|Title||Global geographic and feature space coverage of temperature data in the context of spatio-temporal interpolation|
|Author(s)||Kilibarda, Milan; Tadić, Melita Perčec; Hengl, Tom; Luković, Jelena; Bajat, Branislav|
|Source||Spatial Statistics 14 (2015). - ISSN 2211-6753 - p. 22 - 38.|
|Department(s)||ISRIC - World Soil Information|
|Publication type||Refereed Article in a scientific journal|
|Keyword(s)||Daily temperature interpolation - Global space-time kriging model - GSOD - MaxEnt - MODIS LST - Spatio-temporal analysis|
This article highlights the results of an assessment of representation and usability of global temperature station data for global spatio-temporal analysis. Datasets from the Global Surface Summary of Day (GSOD) and the European Climate Assessment & Dataset (ECA&D) were merged and consisted of 10,695 global stations for the year 2011. Three aspects of data quality were considered: (a) representation in the geographical domain, (b) representation in the feature space (based on the MaxEnt method), and (c) usability i.e. fitness of use for spatio-temporal interpolation based on cross-validation of spatio-temporal regression-kriging models.
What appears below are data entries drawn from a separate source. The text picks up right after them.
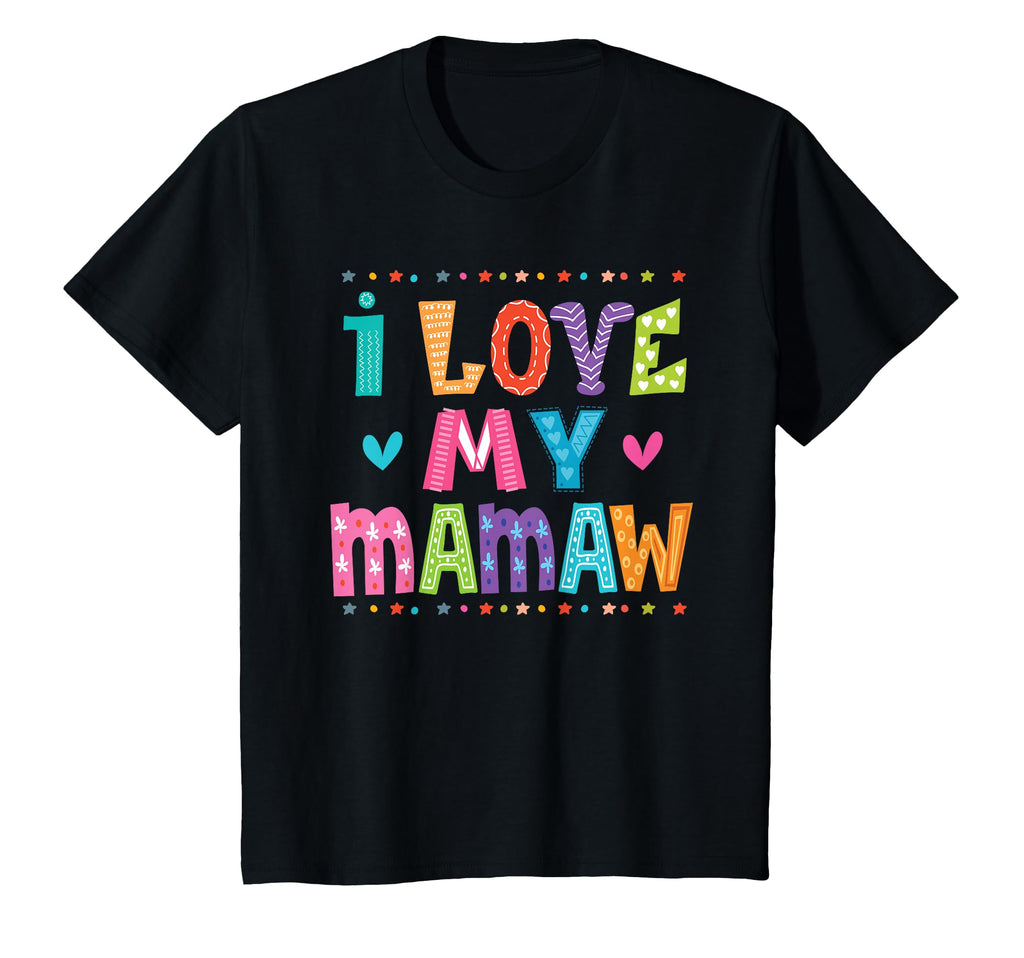 I Love My Mamaw Grandchild T-Shirt - Streetwear Style Unisex - T-Shirt, Sweatshirt, Hoodie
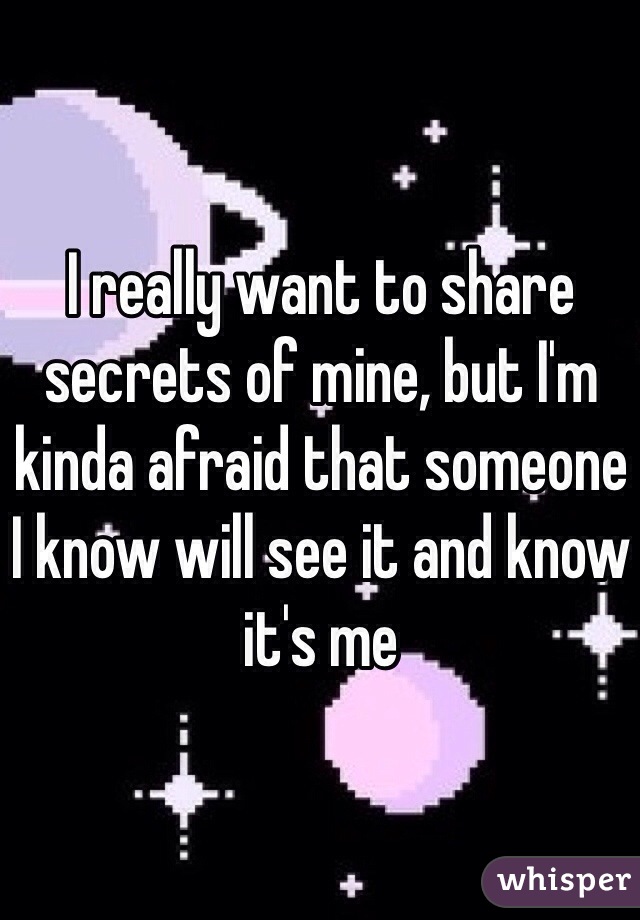 I really want to share secrets of mine, but I'm kinda afraid that someone I know will see it and know it's me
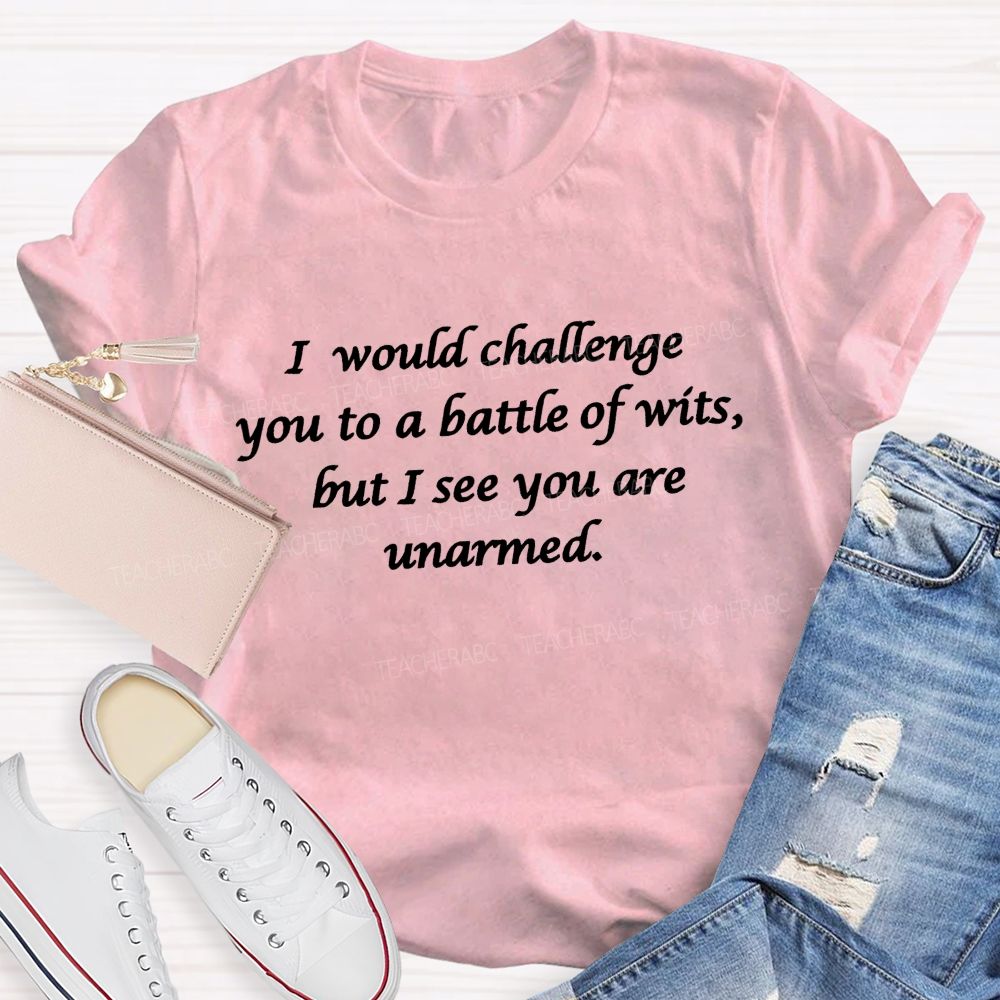 I Would Challenge You To A Battle Of Wits But I See You Are Unarmed Memorable Literary Quotes Teacher T-shirt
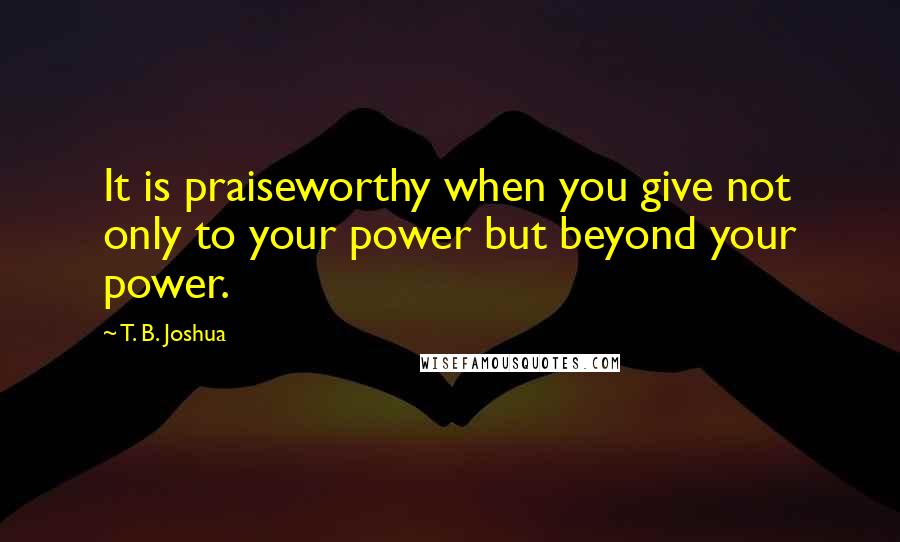 T. B. Joshua Quotes: It is praiseworthy when you give not only to your power but beyond your power.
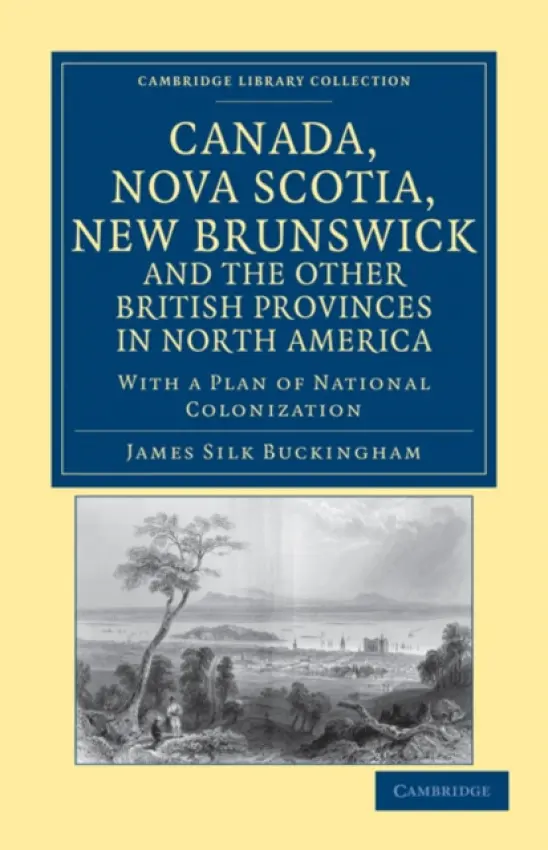 Canada, Nova Scotia, New Brunswick, and the Other British Provinces in North America - Buckingham, James Silk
The results indicate significant clustering of meteorological stations in the combined data set in both geographical and feature space. The majority of the distribution of stations (84%) can be explained by population density and accessibility maps. Consequently, higher elevations areas and inaccessible areas that are sparsely populated are significantly under-represented. Under-representation also reflects on the results of spatio-temporal analysis. Spatio-temporal regression-kriging model of mean daily temperature using 8-day MODIS LST images, as covariate, produces average global accuracy of 2-3 °C. Prediction of temperature for polar areas and mountains is 2 times lower than for areas densely covered with meteorological stations. Balanced spatio-temporal regression models that account for station clustering are suggested.